Task to carry out: Lines from the one containing "There is an" through the last line of the data are to be repeated word for word, both ends included.

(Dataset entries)
▶

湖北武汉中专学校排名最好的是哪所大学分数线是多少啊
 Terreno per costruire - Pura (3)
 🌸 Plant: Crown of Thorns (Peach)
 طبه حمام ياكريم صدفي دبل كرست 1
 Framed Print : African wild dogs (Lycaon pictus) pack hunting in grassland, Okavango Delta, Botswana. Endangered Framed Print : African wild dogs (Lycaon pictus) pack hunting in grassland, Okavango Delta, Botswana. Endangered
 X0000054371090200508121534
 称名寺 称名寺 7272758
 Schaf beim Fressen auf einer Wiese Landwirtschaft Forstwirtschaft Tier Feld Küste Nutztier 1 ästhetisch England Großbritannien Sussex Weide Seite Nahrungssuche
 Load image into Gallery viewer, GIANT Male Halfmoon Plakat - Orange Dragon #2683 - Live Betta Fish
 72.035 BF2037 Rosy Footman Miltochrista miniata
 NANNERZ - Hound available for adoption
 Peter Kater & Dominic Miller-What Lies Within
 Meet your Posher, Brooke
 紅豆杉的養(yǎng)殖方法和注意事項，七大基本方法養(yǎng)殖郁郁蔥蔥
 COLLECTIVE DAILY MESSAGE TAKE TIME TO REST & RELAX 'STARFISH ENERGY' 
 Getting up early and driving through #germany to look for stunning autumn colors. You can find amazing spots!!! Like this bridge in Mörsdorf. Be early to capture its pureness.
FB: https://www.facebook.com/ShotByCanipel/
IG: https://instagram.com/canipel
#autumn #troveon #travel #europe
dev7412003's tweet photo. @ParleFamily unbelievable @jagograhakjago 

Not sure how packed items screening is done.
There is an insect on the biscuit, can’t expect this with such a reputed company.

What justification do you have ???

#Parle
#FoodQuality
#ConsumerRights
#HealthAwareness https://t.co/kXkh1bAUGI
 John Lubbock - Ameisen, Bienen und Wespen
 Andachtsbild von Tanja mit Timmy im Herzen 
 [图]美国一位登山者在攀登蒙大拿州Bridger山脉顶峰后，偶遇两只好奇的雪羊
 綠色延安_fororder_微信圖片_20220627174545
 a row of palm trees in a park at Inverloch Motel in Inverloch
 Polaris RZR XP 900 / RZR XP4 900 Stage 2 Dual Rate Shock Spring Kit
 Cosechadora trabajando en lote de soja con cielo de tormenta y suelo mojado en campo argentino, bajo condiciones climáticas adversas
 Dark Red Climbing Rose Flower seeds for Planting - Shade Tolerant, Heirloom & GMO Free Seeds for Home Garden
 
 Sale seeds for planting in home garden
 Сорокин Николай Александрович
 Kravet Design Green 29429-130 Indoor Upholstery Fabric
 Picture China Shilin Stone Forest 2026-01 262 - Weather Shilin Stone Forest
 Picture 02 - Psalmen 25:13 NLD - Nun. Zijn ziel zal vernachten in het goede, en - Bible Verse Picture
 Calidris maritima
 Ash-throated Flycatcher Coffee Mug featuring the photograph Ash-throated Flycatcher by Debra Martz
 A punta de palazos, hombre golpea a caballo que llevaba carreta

◀

Your solution:
There is an insect on the biscuit, can’t expect this with such a reputed company.

What justification do you have ???

#Parle
#FoodQuality
#ConsumerRights
#HealthAwareness https://t.co/kXkh1bAUGI
 John Lubbock - Ameisen, Bienen und Wespen
 Andachtsbild von Tanja mit Timmy im Herzen 
 [图]美国一位登山者在攀登蒙大拿州Bridger山脉顶峰后，偶遇两只好奇的雪羊
 綠色延安_fororder_微信圖片_20220627174545
 a row of palm trees in a park at Inverloch Motel in Inverloch
 Polaris RZR XP 900 / RZR XP4 900 Stage 2 Dual Rate Shock Spring Kit
 Cosechadora trabajando en lote de soja con cielo de tormenta y suelo mojado en campo argentino, bajo condiciones climáticas adversas
 Dark Red Climbing Rose Flower seeds for Planting - Shade Tolerant, Heirloom & GMO Free Seeds for Home Garden
 
 Sale seeds for planting in home garden
 Сорокин Николай Александрович
 Kravet Design Green 29429-130 Indoor Upholstery Fabric
 Picture China Shilin Stone Forest 2026-01 262 - Weather Shilin Stone Forest
 Picture 02 - Psalmen 25:13 NLD - Nun. Zijn ziel zal vernachten in het goede, en - Bible Verse Picture
 Calidris maritima
 Ash-throated Flycatcher Coffee Mug featuring the photograph Ash-throated Flycatcher by Debra Martz
 A punta de palazos, hombre golpea a caballo que llevaba carreta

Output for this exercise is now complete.